Mentre le istituzioni (o meglio la politica) della Francia sembrano finite nelle sabbie mobili, le imprese – comprensibilmente – esprimono preoccupazione per l’impatto della crisi politica, e il popolo francese – altrettanto comprensibilmente – si prepara a tornare in piazza, cosa che peraltro fa regolarmente ma che purtroppo non porta mai a nessuna reale soluzione dei problemi. Le manifestazioni del movimento “Bloccare tutto”, previste per mercoledì e organizzate attraverso i social, ricordano le rivolte dei “Gilet Gialli” (sempre contro Macron nel 2018). Il capo della polizia di Parigi ha dichiarato a Bfm Tv che 80 mila operatori di pubblica sicurezza saranno schierati in tutta la Francia. E infine i sindacati: hanno annunciato una giornata di scioperi e proteste per il 18 settembre.

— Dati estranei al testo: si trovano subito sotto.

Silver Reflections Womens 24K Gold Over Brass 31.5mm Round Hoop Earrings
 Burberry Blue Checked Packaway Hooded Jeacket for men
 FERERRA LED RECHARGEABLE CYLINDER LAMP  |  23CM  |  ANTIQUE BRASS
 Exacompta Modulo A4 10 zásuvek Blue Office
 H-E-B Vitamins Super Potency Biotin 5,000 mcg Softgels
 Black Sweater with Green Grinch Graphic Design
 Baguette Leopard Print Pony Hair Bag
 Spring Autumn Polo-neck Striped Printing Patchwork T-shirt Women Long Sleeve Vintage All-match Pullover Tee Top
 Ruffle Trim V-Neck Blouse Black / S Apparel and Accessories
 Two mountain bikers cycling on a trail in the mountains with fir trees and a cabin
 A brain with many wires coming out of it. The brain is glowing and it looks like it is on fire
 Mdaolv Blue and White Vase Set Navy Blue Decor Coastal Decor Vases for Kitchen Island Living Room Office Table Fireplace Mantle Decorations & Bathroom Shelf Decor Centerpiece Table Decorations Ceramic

Le proteste di piazza, quanto sono reali e attraggono milioni di persone, sono già di per sé un serio problema per una nazione che abbia un governo efficace e istituzioni solide. Ma quando si trasformano in rivolte contro un potere politico delegittimato e pervicacemente attaccato al potere, e contro istituzioni ormai incapaci di funzionare, spesso diventano terreno di scontro per fazioni avversarie all’interno della popolazione e possono trasformare uno Stato in una polveriera sociale, pronta a esplodere in ogni istante. Speriamo non sia questo il caso.